In 2015, there was a weak recovery in GDP, eventually signalling the end of recession. However, it is predicted that very little progress will be made in hiring workers. The 0.2% increase in employment in 2015 and the expected increases for 2016 and 2017 (1.2% and 1.6% respectively) will cancel out only one-quarter of the 11% decrease in employment that was seen during the major economic downturn of 2012–2014. During the recession of 2012–2014, employment fell by 43,000; at the end of 2017 there will still be 30,000 fewer employed people than in 2011.
The rate of employment remains very low for blue-collar workers, service sector workers and unskilled workers. The total decline in employment for these categories, from 2011 until summer 2015, was around 20%, compared with 11% overall.
According to the report, real unemployment is higher than the official figure. It argues that, including discouraged workers in the unemployment rate (following the U4 definition by the US Bureau of Labor Statistics), the real unemployment rate in Q2 2015 was 19.7% (compared with the official unemployment rate of 14.9%). And this compares with a figure for 2008 of 6.2%.
Consequences of higher taxes and reduced social spending
The report examines a number of indicators of the social consequences in Cyprus of the fiscal consolidation, imposed by the adjustment programme during 2010–2014. To measure the social consequences, correlations were made between figures for fiscal effort (higher taxes and reduced public spending) and figures describing living conditions. The indicators are as follows:
- the rate of employment (as a proportion of working age population);
- the rate of unemployment among young people aged 15–24;
- the number of people below the poverty line;
- the number of people living in a state of material deprivation.
The analysis investigates the hypothesis that fiscal effort has had strong negative effects leading to unemployment, a deterioration in young people's living conditions, and increased poverty and material deprivation. The cumulative change of the structural primary balance is taken as a measure of fiscal effort.
Decline in employment rate: the employment rate fell from 69% in 2010 to 62% in 2014 following the intensification of fiscal effort. This finding takes into account both the overall rate and the separately estimated rates for young people and prime age workers.
Rise in number of people in poverty: In 2010, some 202,000 people were living below the poverty line; in 2014, that figure had risen to 234,000. The negative correlation between fiscal effort and the number of people in poverty shows that the sharp rise in the poverty index during 2012–2014 can be attributed to the recessionary effects of fiscal effort.
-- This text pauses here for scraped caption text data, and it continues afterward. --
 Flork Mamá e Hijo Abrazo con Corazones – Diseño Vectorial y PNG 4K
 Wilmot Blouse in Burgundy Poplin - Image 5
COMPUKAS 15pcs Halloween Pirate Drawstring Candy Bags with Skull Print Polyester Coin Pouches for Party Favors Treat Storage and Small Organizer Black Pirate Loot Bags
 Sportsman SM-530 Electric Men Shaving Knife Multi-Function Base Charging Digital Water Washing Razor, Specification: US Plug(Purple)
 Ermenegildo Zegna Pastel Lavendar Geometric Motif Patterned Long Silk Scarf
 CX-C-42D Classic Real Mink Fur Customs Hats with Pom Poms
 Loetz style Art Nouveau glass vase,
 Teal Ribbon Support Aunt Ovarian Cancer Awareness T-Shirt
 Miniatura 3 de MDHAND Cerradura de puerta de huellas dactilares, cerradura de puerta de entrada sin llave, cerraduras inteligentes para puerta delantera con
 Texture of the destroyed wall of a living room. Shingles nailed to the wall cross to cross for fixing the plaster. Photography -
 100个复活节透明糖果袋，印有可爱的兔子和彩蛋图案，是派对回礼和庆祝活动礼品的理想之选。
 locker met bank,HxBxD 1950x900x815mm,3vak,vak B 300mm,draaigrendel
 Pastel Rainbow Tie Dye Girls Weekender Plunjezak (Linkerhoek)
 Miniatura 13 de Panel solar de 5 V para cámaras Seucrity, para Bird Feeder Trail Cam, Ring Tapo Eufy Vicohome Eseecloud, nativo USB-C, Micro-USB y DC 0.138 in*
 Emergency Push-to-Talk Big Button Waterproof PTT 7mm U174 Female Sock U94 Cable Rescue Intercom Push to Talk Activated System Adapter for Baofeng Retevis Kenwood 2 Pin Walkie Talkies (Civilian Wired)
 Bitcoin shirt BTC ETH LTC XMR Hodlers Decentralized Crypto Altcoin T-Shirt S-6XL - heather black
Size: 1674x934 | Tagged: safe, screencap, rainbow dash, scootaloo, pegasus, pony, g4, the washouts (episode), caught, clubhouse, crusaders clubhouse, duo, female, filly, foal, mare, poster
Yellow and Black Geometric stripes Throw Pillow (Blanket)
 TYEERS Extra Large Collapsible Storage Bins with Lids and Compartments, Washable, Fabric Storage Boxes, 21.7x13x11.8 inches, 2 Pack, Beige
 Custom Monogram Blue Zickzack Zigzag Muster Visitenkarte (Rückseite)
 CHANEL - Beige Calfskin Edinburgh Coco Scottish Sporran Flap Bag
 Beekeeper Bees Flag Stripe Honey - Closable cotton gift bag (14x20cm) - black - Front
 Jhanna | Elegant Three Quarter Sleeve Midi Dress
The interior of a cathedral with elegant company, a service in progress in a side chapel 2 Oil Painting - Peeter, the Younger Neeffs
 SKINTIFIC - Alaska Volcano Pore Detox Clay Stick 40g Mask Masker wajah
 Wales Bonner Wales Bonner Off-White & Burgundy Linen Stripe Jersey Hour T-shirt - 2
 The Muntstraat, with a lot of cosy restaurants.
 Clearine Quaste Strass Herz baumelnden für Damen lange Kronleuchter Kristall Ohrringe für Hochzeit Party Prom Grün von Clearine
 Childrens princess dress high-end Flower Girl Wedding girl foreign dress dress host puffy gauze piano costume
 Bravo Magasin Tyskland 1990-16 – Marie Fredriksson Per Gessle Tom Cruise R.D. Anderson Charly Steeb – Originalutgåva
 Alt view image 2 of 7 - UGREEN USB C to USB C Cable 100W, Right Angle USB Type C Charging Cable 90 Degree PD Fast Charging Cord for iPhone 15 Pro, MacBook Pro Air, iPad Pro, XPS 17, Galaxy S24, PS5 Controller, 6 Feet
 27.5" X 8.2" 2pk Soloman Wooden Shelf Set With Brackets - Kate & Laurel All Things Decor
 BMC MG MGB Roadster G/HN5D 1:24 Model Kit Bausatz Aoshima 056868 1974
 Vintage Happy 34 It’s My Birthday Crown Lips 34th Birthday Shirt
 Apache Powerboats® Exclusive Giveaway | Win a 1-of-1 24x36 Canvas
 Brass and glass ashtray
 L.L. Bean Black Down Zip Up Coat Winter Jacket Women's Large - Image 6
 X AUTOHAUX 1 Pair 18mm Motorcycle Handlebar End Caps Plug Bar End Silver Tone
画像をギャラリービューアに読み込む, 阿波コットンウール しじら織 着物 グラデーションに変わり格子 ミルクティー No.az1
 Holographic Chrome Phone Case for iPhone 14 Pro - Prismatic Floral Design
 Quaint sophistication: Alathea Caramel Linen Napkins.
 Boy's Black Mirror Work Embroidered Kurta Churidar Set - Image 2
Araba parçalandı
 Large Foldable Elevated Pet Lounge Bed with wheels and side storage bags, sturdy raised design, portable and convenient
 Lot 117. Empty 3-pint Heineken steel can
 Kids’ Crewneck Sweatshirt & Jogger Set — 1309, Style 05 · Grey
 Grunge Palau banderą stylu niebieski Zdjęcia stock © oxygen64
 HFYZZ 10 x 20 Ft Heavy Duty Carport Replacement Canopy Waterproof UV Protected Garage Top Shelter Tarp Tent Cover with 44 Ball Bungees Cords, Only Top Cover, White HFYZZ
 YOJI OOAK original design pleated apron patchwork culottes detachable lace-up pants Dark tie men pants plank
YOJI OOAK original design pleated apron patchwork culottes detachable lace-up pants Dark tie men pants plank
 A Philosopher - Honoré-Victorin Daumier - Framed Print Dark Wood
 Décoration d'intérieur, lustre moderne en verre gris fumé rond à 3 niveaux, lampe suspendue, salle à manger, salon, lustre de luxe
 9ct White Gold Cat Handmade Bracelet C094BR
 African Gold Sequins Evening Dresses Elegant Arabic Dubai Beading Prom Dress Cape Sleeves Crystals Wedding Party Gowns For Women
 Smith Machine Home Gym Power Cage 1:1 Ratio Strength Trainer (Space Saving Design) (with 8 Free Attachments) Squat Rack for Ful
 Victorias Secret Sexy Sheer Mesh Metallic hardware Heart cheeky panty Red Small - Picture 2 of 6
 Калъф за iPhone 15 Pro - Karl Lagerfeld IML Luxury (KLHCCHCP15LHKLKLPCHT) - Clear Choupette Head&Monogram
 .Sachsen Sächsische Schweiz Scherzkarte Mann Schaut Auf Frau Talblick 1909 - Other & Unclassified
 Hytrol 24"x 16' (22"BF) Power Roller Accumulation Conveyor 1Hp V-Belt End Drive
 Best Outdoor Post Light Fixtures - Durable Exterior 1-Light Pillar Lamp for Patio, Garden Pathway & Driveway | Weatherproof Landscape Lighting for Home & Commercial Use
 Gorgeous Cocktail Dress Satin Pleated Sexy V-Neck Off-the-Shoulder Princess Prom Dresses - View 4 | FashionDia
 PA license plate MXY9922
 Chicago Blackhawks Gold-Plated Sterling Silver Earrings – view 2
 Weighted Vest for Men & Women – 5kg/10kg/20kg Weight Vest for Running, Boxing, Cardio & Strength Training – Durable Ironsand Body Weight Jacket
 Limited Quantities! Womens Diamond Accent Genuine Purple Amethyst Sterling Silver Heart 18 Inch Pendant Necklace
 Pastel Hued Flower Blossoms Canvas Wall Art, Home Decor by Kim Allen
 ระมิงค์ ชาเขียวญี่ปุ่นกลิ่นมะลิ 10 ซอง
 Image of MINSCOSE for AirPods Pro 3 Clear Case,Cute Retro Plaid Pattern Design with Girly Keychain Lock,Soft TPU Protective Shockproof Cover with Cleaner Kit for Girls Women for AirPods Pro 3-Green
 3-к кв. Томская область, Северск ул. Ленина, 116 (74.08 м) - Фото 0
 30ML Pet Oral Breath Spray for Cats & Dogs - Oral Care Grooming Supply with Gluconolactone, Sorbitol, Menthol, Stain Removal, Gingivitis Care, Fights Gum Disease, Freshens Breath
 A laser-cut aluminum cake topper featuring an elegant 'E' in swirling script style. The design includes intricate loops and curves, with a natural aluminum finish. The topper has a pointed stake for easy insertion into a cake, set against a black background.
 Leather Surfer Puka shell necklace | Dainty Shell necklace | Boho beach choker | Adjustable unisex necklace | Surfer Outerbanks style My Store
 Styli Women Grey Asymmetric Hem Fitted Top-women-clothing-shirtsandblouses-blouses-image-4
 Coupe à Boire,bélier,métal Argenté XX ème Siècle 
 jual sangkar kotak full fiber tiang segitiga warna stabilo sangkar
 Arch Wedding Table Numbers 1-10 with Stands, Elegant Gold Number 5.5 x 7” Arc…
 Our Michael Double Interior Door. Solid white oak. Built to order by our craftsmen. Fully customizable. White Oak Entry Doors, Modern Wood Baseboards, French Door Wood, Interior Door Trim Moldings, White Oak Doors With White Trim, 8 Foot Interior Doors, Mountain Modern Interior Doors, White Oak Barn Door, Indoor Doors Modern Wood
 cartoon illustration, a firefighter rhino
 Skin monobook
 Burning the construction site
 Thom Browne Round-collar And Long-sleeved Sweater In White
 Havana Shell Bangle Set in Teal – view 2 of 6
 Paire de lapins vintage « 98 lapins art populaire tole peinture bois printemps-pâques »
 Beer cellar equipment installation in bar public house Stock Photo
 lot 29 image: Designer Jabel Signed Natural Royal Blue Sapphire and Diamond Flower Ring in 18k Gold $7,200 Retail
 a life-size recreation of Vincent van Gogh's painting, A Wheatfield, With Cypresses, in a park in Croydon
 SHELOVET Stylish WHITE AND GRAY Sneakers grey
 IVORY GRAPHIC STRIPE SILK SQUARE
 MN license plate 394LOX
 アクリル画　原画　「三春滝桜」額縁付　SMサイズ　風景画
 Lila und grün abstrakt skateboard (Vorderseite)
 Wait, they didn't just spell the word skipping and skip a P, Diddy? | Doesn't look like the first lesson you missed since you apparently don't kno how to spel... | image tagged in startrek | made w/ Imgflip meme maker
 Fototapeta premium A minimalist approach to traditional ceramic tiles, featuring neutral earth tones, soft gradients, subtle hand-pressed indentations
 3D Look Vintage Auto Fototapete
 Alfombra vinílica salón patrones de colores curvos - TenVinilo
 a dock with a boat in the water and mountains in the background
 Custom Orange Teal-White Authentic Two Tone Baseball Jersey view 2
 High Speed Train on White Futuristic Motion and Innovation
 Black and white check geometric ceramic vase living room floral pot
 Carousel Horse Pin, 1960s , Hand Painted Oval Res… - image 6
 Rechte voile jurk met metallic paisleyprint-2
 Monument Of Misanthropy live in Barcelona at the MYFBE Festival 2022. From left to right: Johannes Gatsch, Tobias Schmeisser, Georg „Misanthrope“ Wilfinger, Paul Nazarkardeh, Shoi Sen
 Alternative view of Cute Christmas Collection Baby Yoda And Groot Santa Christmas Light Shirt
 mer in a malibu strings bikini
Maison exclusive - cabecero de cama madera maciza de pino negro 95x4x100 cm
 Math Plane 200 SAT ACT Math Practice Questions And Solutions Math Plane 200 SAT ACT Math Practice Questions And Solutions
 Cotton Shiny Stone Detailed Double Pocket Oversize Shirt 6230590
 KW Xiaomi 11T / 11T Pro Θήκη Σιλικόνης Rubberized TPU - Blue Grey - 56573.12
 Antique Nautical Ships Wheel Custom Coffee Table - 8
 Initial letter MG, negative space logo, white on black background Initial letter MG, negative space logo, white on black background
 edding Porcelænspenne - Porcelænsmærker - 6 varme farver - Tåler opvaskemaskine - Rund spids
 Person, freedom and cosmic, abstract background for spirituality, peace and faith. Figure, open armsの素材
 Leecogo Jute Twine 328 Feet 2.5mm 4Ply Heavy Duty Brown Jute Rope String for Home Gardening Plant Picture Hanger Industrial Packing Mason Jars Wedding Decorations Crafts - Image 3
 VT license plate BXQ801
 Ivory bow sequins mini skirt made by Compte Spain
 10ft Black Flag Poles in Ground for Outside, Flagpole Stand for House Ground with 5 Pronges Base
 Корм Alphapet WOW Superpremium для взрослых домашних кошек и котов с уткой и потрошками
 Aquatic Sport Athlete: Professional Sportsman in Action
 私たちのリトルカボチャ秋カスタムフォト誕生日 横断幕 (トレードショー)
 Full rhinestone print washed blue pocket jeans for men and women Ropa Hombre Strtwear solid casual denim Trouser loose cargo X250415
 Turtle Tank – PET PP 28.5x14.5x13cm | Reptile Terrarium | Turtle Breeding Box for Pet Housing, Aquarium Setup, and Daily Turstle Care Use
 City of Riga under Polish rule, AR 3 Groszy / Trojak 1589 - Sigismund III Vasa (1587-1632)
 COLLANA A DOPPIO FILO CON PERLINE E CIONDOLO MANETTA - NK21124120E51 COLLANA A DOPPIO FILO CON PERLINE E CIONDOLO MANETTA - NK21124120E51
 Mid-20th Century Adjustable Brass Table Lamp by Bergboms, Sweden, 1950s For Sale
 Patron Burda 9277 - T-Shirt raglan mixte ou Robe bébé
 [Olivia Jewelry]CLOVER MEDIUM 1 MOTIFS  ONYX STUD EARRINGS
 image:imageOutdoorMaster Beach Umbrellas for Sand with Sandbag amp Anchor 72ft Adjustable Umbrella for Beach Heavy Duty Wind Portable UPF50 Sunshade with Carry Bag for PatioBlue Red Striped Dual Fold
Rise in material deprivation: A similar picture is seen when fiscal effort is correlated with the general index of material deprivation, or partial indicators that describe particular aspects of material deprivation. Some 92,000 people were in a state of material deprivation in 2010, this figure rising to 131,000 in 2014.
Another set of three indicators have been calculated in order to examine the reduction in social spending:
- annual public health expenditures per person;
- annual public education expenditures per person under the age of 24;
- annual expenditures for unemployment benefits per unemployed person (all expenditures at constant prices).
During the implementation of the adjustment programme, the decrease in public spending per beneficiary was dramatic. Public spending for education decreased by 13.8% – from €5,300 per person under the age of 24 to €4,570. Spending for health declined from €740 to €640 per person in the general population (-13.5%), and unemployment benefits per unemployed person decreased by 27.6%, from €4,410 to €3,190.